Но тутъ съ Конономъ Евстратичемъ произошло нѣчто совершенно неожиданное… Онъ вдругъ вскочилъ съ мѣста, выпилъ залпомъ рюмку водки и, ничѣмъ не закусивъ, отбѣжалъ въ уголъ и, ухвативъ себя за волосы, принялся самъ себя теребить.

— Вотъ тебѣ, вотъ тебѣ дураку! кричалъ онъ. — Вотъ тебѣ, анаѳема…

На крикъ прибѣжалъ Канурка со скрипкой и, увидавъ, что отецъ самъ себя теребитъ за волосы, разразился неистовымъ хохотомъ.

— Мало, тятенька! кричалъ онъ. — Мало, прибавь, прибавь еще…

— Прибавлю, Канурка, прибавлю, сыночекъ мой миленькій… А ты смотри да учись, какъ отецъ самъ себя за свою дурость наказуетъ.

— Валяй, валяй хорошенько…

Наконецъ, Витушкинъ пересталъ.

— Ну, не подлость-ли! вскрикнулъ онъ, обирая съ рукъ цѣлые пучки надраныхъ волосъ. Ну, не подлость-ли! Обѣщалъ половину, приходилось 3,645 рублей получить, а онъ что-же наконецъ? Выкинулъ пять радужныхъ, да и говоритъ: — «Вотъ тебѣ за твои хлопоты!» Я такъ и обмеръ. Туда, сюда, судиться-было хотѣлъ, да гдѣ-же тутъ судиться, когда самъ, собственными своими руками всю ему выручку полностію выдалъ… Такъ-таки и выдалъ и не смекнулъ даже того, что и господа надувать могутъ… Вѣдь тоже господиномъ считается, наукамъ учился, жалованье большущее получаетъ!.. Послѣ ужъ, когда я у него чуть не цѣлый день въ ногахъ провалялся, сапоги его цѣловалъ, онъ мнѣ еще 165 руб. накинулъ…

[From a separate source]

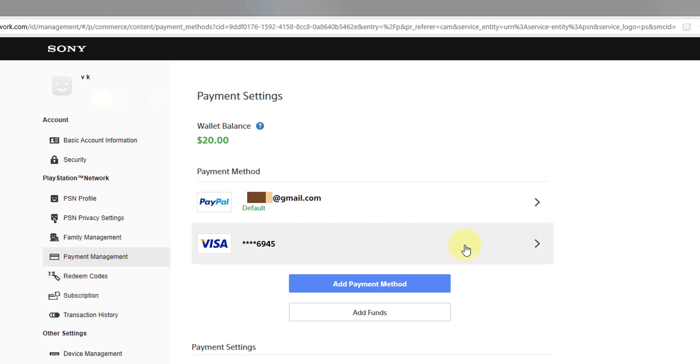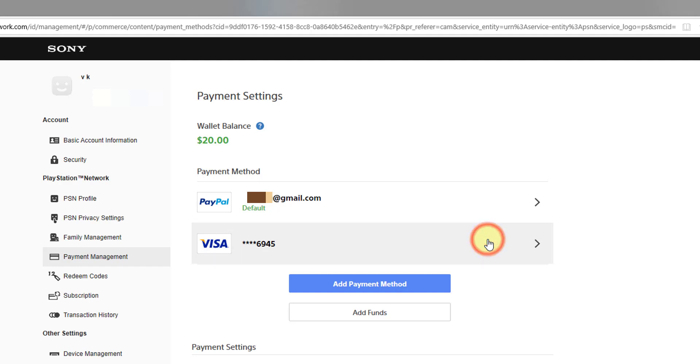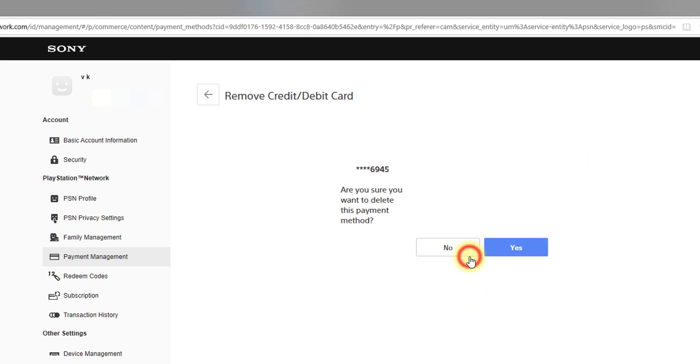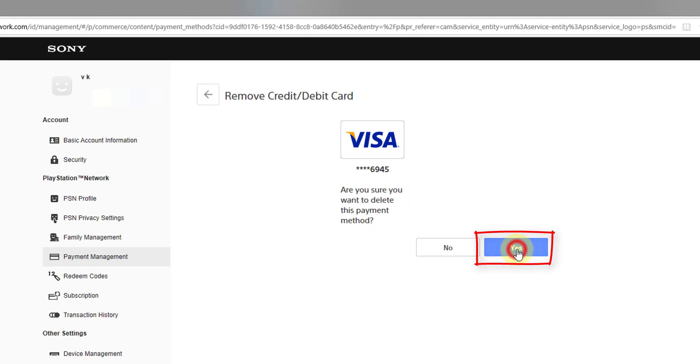Whatever credit card or debit card you have added, just click on this. And here you need to click on this remove button. Are you sure you want to delete this payment method? Yes. That's it, you have now removed your credit card and debit card details.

— Такъ чего-жь тебѣ еще! вскрикнулъ Петръ Гаврилычъ. — Получилъ 645 рублей, и будетъ съ тебя.

— Да вѣдь ихъ 3,645 рублей приходилось! закричалъ въ свою очередь Канурка, вмѣшавшись въ разговоръ и смекнувъ, о чемъ идетъ рѣчь. Три тысячи-то пропало!..

— Ну, а ты молчи, щенокъ! замѣтилъ Петръ Гаврилычъ. — Больно рано началъ.

— Ничуть не рано! поди, у меня тоже сердце-то не каменное…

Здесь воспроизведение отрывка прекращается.